Hey! Look at the rocket engines at the top of the ancient rockets that existed long before ancient Egypt. Makes sense.
Part of the problem with our rockets is that they must balance on the engines to work. We had many rocket launch failures before we could perfectly balance our rockets atop their engines.
The ancients from long before ancient Egyptian times --- who the Egyptians copied in their temple pillar designs in at least one temple, though they probably didn't know what they were copying --- built their engines at the top of their rockets so that the center of balance was below the driving force. This made balancing the rockets far less critical than in our modern rocket counterparts. They probably used a form of tungsten in their rocket skins to resist the high temperatures product by the rocket thrust exhaust.
Watch this 10 and a half minute video -
https://www.youtube.com/watch?v=Z8-WWVlk_3E. Start at about 6 and a half minutes, and watch through minute 8 to see what I mean. It's all there, the rockets with their engines, pointed to the skies above.
What do you think?
That you're high? I take it you're talking about the pillars inside that temple dedicated to astronomy? You're just seeing what you want to see there. It just looks like a normal pillar with heads decorating the top to me. You know, like you can see all over the place. But that's art, not rocket science.
What?! You didn't see the rocket engines in the headdresses adorning the heads/faces atop the pillar rockets? Well... thanks for your post anyway.
Of course the whole pillar rocket is going to be different than a real rocket would be. The ancient Egyptians who built the temple were only imitating the rocket builders, who were ancient even to them. They were imitating, like a small child imitates his father, as he plays with his little toy tool bench, attempting to get each of the wooden imitation tools into its proper hole in the bench.
Look up at the bottom of the headdresses. Notice how they are more or less round at their bottoms. The real ones would have been perfectly round. There would have been indentations in the sides of the rocket below the engines, so that the effect of the blast of the engines would have flowed smoothly. The indentations would have been lined with some form of heat-resistant material.
Why aren't the rocket engine indentations shown? For the same reason that the bottoms of the headdresses don't curl in a perfect circle. The headdress has been changed over time by the various rulers of Egypt, who were only mimicking the rockets of the ancients. Some distant ancestors of the Egyptians had seen the rockets, handed down what they saw, and over time it was all changed into a head on top of the body (rocket body/ruler body), but the basic picture has been handed down over the millennia rather well.
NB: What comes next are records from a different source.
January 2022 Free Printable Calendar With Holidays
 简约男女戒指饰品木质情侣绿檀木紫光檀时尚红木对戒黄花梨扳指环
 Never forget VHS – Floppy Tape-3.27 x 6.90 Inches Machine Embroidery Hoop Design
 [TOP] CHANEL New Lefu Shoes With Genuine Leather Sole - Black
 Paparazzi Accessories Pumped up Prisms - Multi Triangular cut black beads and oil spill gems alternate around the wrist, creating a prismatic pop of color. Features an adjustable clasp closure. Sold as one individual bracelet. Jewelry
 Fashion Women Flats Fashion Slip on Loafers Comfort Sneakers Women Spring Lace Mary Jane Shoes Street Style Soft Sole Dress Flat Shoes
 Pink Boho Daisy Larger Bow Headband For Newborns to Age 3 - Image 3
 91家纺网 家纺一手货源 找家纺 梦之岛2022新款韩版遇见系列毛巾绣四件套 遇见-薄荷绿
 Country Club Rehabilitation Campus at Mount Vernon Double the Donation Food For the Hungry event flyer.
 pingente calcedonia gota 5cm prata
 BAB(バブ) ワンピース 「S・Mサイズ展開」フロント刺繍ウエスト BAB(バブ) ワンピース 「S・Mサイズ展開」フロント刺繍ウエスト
Look down the side of the rocket pillars, several feet below the head. Notice the carved ring that circumnavigates the exterior of the rocket pillar. There are windows built into that ring. It's where the rocket passengers sat, below the engines.
In the real rockets, the pilot probably sat at a somewhat conical point above the heads, in a crystal dome of some sort. The dome isn't seen because the pillars are built to hold up the roof of the temple, which has been carved and painted with images of the constellations... the sky where the rockets of the age-old ancients blasted off to, with far more ease than we stumble around through the heavens with our silly bottom-blast rockets.